そろそろ欲しいなぁ、と思っていた矢先のことでもあり、飛び上がるほどに喜んだ。 

ところが、その妊娠がきっかけとなり、夫婦間に亀裂が入った。

3年間我慢していた妻のストレスが、噴出したのだった。 

「いつも言ってるでしょ。シャツのポケットからハンカチを出しておいてよねって!この前なんかコンビニのレシートが入ったままで、洗濯してたいへんだったんだから」 

「洗面台がまたビショビショ!使ったらちゃんと拭いてよね」 

「いつも良太の実家にばっかり気を遣って。少しは私の身にもなってよね!」 

本当は、そんなことは最近になって始まったことではないはずだ。

しかし、気分が悪くて食べ物がろくに取れない日もある。 

そのはけ口が、良太に向かったのではないかと思っていた。 

 今日は、朝からバスで駅前のデパートへ買い物に出掛けた。 

レストランで昼ごはんを食べている最中、またしても・・・。

「い~い。

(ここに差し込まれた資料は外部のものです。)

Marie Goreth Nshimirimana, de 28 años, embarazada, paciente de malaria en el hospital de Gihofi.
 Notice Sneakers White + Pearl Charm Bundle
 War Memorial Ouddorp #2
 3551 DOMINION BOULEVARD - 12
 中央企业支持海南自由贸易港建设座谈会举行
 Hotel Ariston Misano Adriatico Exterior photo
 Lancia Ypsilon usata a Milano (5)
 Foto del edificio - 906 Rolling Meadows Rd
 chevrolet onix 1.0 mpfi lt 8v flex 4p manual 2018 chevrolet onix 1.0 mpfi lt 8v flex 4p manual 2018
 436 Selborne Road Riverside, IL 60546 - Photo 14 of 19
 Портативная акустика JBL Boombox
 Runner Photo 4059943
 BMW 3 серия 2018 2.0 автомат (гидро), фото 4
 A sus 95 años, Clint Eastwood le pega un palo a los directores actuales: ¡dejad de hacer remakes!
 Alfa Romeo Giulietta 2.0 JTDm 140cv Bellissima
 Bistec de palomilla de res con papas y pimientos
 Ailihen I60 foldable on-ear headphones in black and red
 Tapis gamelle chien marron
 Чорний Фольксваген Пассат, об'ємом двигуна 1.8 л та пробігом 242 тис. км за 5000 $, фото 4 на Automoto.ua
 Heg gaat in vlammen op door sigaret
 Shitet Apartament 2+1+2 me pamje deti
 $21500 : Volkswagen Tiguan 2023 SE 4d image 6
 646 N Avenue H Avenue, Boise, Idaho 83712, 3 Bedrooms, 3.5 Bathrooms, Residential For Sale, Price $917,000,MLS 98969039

私は絶対に私立じゃなきゃダメ! この子がイジメに遭ってもいいと思ってるの?」

 「そんな極端な・・・。イジメに遭わないように強い子に育てればいいよ」

「何言ってるのよ。小学生に強いも弱いもないのよ。良太はちょっと空手ができるからって、勘違いしてるのよ!」 

「なんだよ!勘違いって!」 

要するに、子供を私立に入れるか、地元の公立へ通わせるかという教育方針でもめたのだった。 

まだ、産まれてもいないのに・・・。

 (これはマズかったかな)

と良太が思ったときには遅かった。

真知子は、プイッと席を立ち、レジで精算を済ませて店を出て行った。

追いかけるようにして良太がついていく。

こんな時、

(ごめん、悪かったよ)

と素直に言えればいいのだろうが、良太も今日は意地を張っていた。 

このところ、妻の文句ばかりを浴びて、我慢に我慢を重ねていたので爆発してしまったのだ。

バス停の列に真知子が並ぶ。 

その後ろに良太が立った。

しかし、真知子は振り返りもしない。

すぐにバスはやって来た。 

二人が乗り込むと、車内はほぼ満席だった。 

一番後ろのシートが空いていた。

リアウインドウを背にした六人掛けだ。 

一番両端にそれぞれ乗客が座っている。 

そして、真ん中に、若い母親と幼稚園の制服を来た女の子が座っていた。

先に乗って、奥へ奥へと進んだ真知子が、母親の隣に座った。 

後を追う良太は、仕方なく幼稚園の女の子の隣へ。 

夫婦で、母娘をサンドイッチしたような恰好になった。 

良太は、

(参ったなぁ~)

と思った。 

家に帰るまで、なんとかご機嫌を取って仲直りしたいと思っていたのだ。 

チラッと真知子の方を向くと、わざと良太の視線を避けてか、その女の子にやさしげな眼差しを送っていた。 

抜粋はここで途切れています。